This is the second of a series of three blogs discussing the Kenya Health Knowledge Translation Platform (KTP). The first blog analyses the model adopted by the Kenya Health KTP in the context of the evidence-base on KTPs. The final blog in the series highlights how the Kenya Health KTP builds on recent efforts to improve evidence-informed decision-making in Kenya’s health sector.
These reflections on critical factors that should be considered in the establishment of the Kenya Health KTP are drawn from consultative deliberations, particularly one held on 1 March 2018, where the Ministry of Health (MoH) convened a stakeholder meeting to discuss the establishment of the Kenya Health and Research Observatory (KHRO). The KHRO aims to promote evidence-informed decision-making (EIDM) in the health sector by improving access and use of research and health information. These reflections will also draw on the evidence-base on KTPs in Cameroon (a);(b), Malawi, Nigeria, Uganda (a);(b) and Zambia.

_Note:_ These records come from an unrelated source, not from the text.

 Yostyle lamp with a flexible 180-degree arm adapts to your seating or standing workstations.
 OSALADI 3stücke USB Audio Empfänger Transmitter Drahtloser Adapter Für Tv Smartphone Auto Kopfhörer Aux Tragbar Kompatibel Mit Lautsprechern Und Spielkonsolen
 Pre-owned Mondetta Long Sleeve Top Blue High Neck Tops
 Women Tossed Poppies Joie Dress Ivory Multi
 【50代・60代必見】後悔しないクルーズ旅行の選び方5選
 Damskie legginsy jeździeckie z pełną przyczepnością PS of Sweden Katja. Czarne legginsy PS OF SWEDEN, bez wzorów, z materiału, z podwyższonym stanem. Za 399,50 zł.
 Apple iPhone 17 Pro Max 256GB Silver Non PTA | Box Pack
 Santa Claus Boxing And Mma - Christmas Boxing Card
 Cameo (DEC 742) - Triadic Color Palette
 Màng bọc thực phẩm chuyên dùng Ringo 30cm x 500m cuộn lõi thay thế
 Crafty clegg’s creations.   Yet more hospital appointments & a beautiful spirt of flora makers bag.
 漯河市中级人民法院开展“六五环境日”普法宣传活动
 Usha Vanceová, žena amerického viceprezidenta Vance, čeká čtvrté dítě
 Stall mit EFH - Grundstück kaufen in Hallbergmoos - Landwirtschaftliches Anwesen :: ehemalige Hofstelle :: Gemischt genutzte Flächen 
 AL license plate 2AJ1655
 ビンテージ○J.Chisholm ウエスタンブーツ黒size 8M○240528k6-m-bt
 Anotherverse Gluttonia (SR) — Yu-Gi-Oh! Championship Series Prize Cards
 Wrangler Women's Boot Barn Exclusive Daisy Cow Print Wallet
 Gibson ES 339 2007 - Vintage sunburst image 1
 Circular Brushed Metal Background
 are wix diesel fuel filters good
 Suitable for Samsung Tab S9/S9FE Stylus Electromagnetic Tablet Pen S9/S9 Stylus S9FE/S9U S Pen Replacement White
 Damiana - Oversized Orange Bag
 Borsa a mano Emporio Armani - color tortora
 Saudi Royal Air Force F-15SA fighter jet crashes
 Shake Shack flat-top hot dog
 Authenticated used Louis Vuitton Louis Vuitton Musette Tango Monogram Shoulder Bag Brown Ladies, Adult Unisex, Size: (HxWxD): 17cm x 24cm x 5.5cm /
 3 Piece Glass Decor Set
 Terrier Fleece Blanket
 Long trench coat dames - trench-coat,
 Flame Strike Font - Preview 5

Critical factors for consideration in the establishment of the Kenya KTP
The evidence-base reveals that KTPs improve the technical capacity to promote evidence-informed decision-making (EIDM), the interaction between research producers and users, production of relevant evidence and evidence-informed deliberations. However, the meeting deliberations and evidence-base raise a number of issues and challenges for consideration in the establishment of the Kenya KTP.
Strong leadership encompass unique qualities
One of the reasons the Regional East African Community Health Policy Initiative (REACH-PI) KTP, comprising of Burundi, Kenya, Rwanda, Tanzania, and Uganda ceased to be active, was its weak leadership. The Zambia KTP found that few individuals have the essential qualities for leading a KTP i.e. “a combination of skills in both the research and policy communities and carrying sufficient respect among those communities to be an effective broker bringing both together’.
Increase and train KTP staff
A cross-cutting challenge of the existing national KTPs is inadequate staff. KTPs in Africa tend to be under-staffed and often rely on individuals that volunteer to help implement activities. Activities implemented by volunteers tend to stall since they are often full-time employees elsewhere. The Malawi KTP found that hosting KTP staff and volunteers in residential meetings away from the city to complete activities such as the development of policy briefs addressed this challenge. Nevertheless, it is recommended that KTPs need to hire more dedicated staff. In addition, running a KTP requires staff who understand research as well as the policymaking process and who have the skills and motivation to navigate between the two communities (researchers and policymakers). There is still no critical mass of such individuals in Africa (although it’s increasing), therefore, KTPs need to invest in training staff as well as other stakeholders involved in the KTP activities.
Increase funding for KTPs
Limited funding was also highlighted as a major challenge among the existing national KTPs. In particular, KTPs that are housed in public institutions (Cameroon, Uganda, and Nigeria) reported receiving only in-kind contributions from their host institutions. The Malawi KTP was the only platform to report that the country’s Ministry of Health (MoH), where it is housed, pays a salary for a full-time coordinator. Funding for KTPs is largely sourced from development partners but is not always consistently available leading to disrupted activities. In addition, funders are reluctant to provide core support, which is crucial for KTPs that must maintain an office and visibility and convene dialogues. There is a need for advocacy for knowledge translation (KT) to be integrated as a core health-system activity to enable KTPs to attract government funding. The Malawi KTP’s location in the MoH is reported to have benefited the KTP as it is viewed as a government initiative and this has “opened doors for in-country funding’. It is hoped that the Kenya KTP will enjoy similar benefits at the very least.
Motivate KTP users to participate
Web-based KTPs rely on motivated users, which is difficult to generate particularly in the absence of regular awareness raising/communication activities. The coordinator for Maisha Maarifa Research Hub highlighted the low use of the platform as a key challenge.
Improve KTP evaluation methods
Understanding the extent of the impact of KTPs on EIDM and health systems is critical to increasing support for them. However, the evidence-base points to limitations in the methods used to evaluate the effectiveness of the KTPs. There is a call for the development and validation of robust evaluation methods and tools.
Finally, the evidence-base indicates that context influences the performance of national KTPs. There is need to understand the context and tailor KTP activities to suit it. For example, a comparative evaluative reflection of the Cameroon and Uganda KTPs revealed that KTPs may implement comparatively similar activities but the outcomes may differ considerably due to “diversity of grant arrangements and differences in institutional arrangements and planning cycles as well as the stability of health technocrats‘.
In conclusion, a KTP requires strong leadership and adequate funding and staff to realise its full potential. Engagement and communication activities that sensitise stakeholders about the benefits of the KTP and how to get involved will improve participation. Understanding the context and tailoring KTP to align with the context is also critical to the success of KTPs.